Mainers are a thrifty lot, savers extraordinaire and experts at reinventing uses for old equipment. The infamous toilet lawn planter springs to mind, although equally thrifty would be the reuse of old cast iron-porcelain bathtubs as livestock waterers. My former landlord in Greenville, Lonnie Rowe, used an old delivery van as a chicken coop, and made wildlife watching perches out of old tractor seats set on pipes in the ground.

This thriftiness transfers into the food category, too. Chicken and turkey carcasses become stock, meat scraps go in the freezer to become soup. Of course, poultry owners have a ready source of birds to productively dispose of every scrap of food. And should you trap a big old coon or a give terminal lead poisoning to a pesky groundhog, well, there's good eating if you know how to prepare it properly.

For my birthday earlier this month, Dan found a great old-time recipe book for me, All Maine Recipes, published by the Courier Gazette of Rockland in the late 1960s. It is chock-full of good Maine recipes, many for game such as venison or pheasant, with some modern ones, too, with many variations of the Jello salad --shudder. (I even found a recipe from my long-ago landlady Irene Yerxa of Bridgewater, Maine, and Dan saw a recipe from a woman he knew in Waldoboro, Athlene Damon. Maine is a small town spread over a big state.)

And there are several recipes for preparing garden-chomping rabbit, raccoon and woodchuck.

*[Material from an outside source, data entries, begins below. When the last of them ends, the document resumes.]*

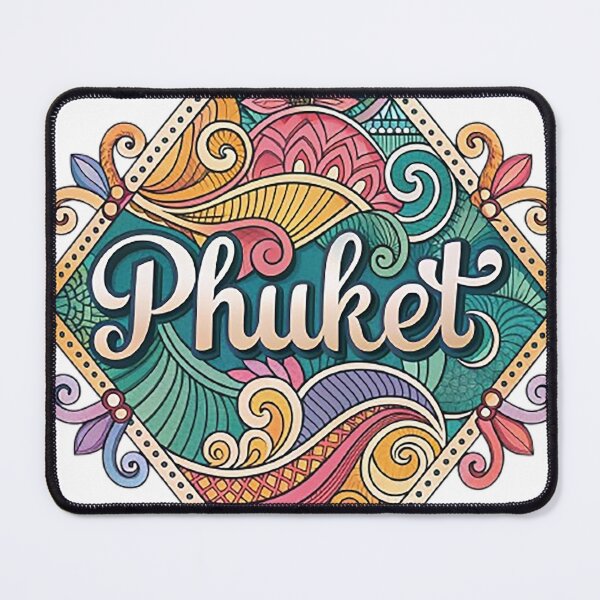 Item preview, Phuket designed and sold by likbatonboot.
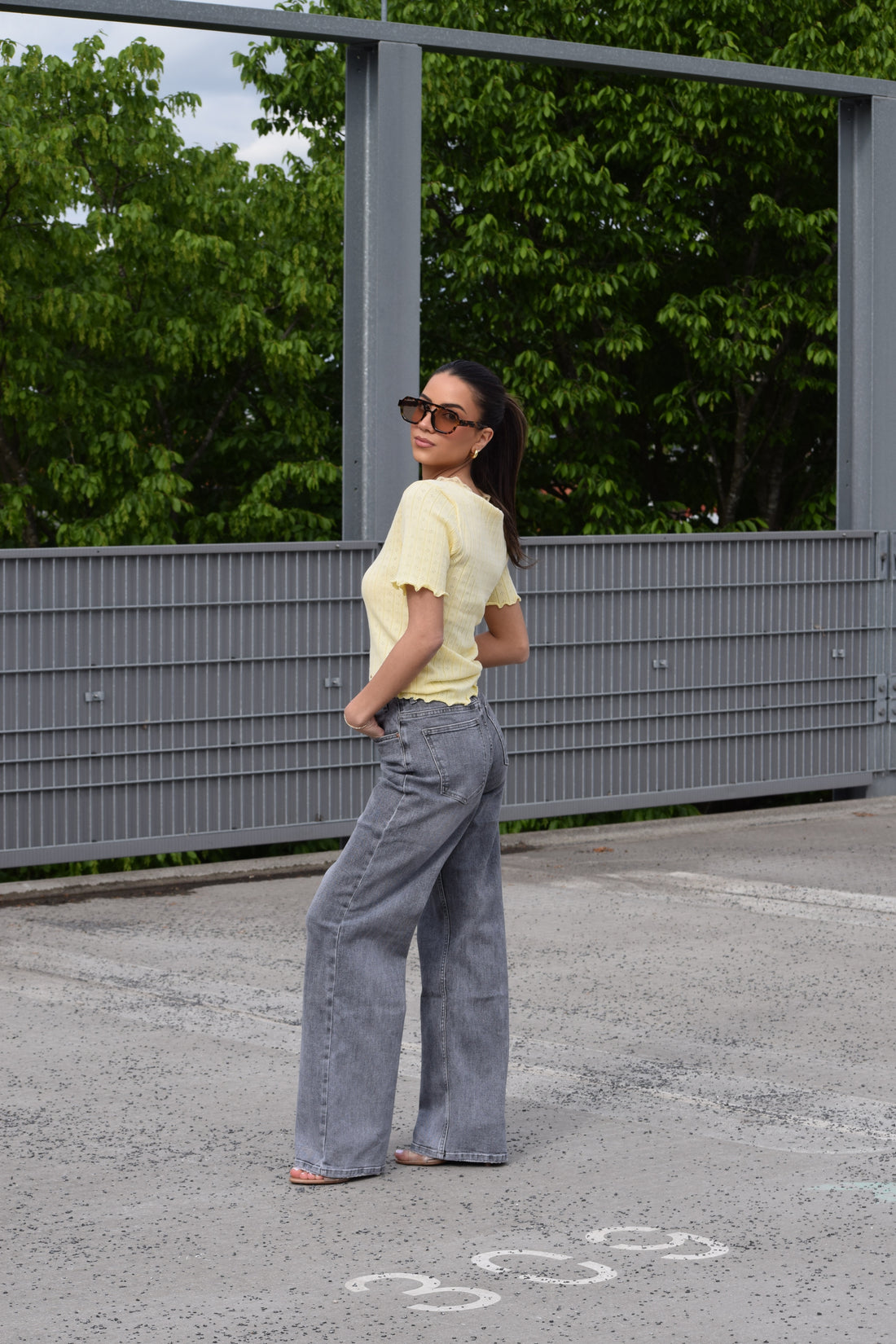 Rebel Jeans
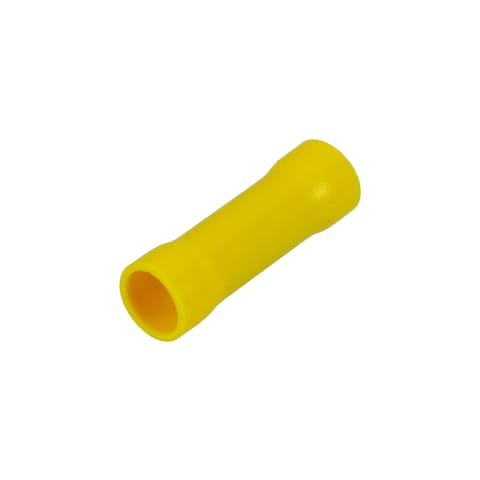 ⁨Złączka rurkowa izolowana do przewodów 4,0-6,0mm2⁩ w sklepie Wasserman.eu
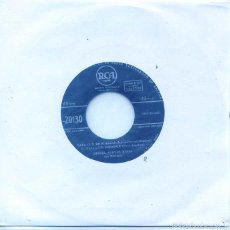 Discos de vinilo: MIGUEL ACEVES MEJIAS / VAYA CON DIOS / FALLASTE CORAZON + 2 (EP 1959)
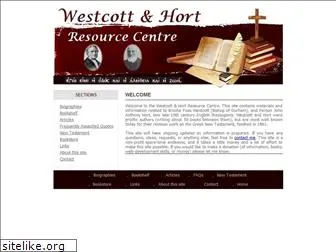 westcotthort.com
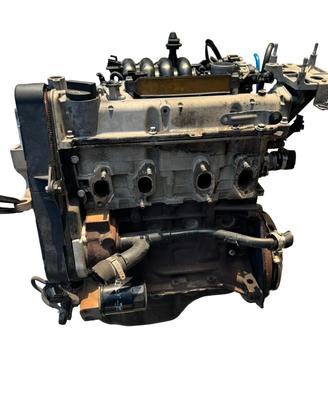 169A4000 MOTORE FIAT Panda II (169) 1.2 Benzina GP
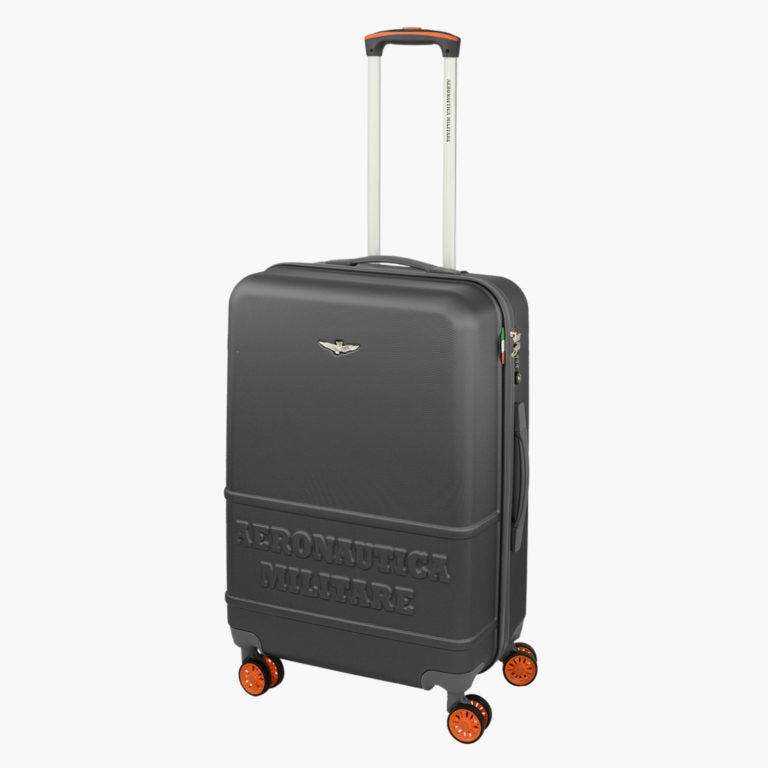 Trolley medio ultraleggero Force - Aeronautica Militare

It is good to know I have a resource handy for preparing varmint should the opportunity arise. You just never know.

2 comments:

jeannie said...

I just love cook books. Once Dad bought me a cook book Called to the Queens Taste.The books cover was up side down, and backwords. If I still had it I'd show it to you. It had some real good recipies in it. Well Bye for now.
Jeannie

Kathryn and Ari said...

That's so wonderful! I think I'd skip the varmit (and maybe even the Jello salad), but I love the concept. I bet they have a 100 finnin haddie receipes in there, too!